Duncan Proudfoot, publishing director of Little, Brown’s Robinson imprint, said: ‘I love the idea of this intriguing slice of Marilyn Monroe’s life, culminating in her much-hoped-for meeting with the Queen. I also like that it will be a book filled with resonant detail of late 1950s Britain.’
Morgan said: ‘This is the book I have wanted to write for 30 years.'”
You can follow updates on When Marilyn Met the Queen and Michelle’s other book projects on her Instagram page.
And finally, here’s a detailed synopsis:
“‘England? It seemed to be raining the whole time . . . Or maybe it was me.’ – Marilyn Monroe
‘The Queen is very warm-hearted.

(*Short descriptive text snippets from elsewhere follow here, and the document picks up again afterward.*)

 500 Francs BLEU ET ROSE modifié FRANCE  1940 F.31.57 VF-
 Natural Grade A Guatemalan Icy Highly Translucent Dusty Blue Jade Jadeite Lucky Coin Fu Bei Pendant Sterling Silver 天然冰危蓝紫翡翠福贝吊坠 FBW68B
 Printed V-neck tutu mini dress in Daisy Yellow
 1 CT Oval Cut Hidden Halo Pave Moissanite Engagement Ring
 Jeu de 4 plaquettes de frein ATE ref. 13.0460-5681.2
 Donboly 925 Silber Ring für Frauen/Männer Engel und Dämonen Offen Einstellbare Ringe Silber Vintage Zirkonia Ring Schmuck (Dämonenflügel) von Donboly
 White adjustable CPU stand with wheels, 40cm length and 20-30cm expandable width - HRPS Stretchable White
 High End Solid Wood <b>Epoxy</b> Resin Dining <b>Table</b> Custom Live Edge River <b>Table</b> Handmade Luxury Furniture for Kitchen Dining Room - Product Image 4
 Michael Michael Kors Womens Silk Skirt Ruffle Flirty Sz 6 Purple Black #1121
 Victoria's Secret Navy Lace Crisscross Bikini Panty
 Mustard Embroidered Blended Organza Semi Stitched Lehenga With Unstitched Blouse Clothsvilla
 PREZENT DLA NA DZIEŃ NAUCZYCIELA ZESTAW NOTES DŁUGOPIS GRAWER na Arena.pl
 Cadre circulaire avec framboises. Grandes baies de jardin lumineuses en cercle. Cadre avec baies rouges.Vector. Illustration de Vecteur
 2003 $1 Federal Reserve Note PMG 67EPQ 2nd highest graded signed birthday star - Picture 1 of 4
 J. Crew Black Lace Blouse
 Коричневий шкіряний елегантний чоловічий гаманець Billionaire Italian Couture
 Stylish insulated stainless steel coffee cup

She radiates sweetness. She asked how I liked living in Windsor, and I said, “What?!” and she said that as I lived in Englefield Green, near to Windsor, we were neighbours. So, I told her that Arthur and I went on bicycle rides in the park. Princess Margaret was nice, too. When she was talking to Anthony Quayle, next to me, I butted in and said she must go and see my husband’s play, A View from the Bridge. The Princess laughed and said she might.’ – Marilyn Monroe, the Empire Theatre, 29 October, 1956
In July 1956, Marilyn Monroe arrived in London, on honeymoon with her husband Arthur Miller, to make The Sleeping Prince, later released as The Prince and the Showgirl, with Laurence Olivier. This project was the first under her Marilyn Monroe Productions banner, and so Marilyn saw it as an opportunity not only to produce a movie, but to also work with respected actor/director Laurence Olivier.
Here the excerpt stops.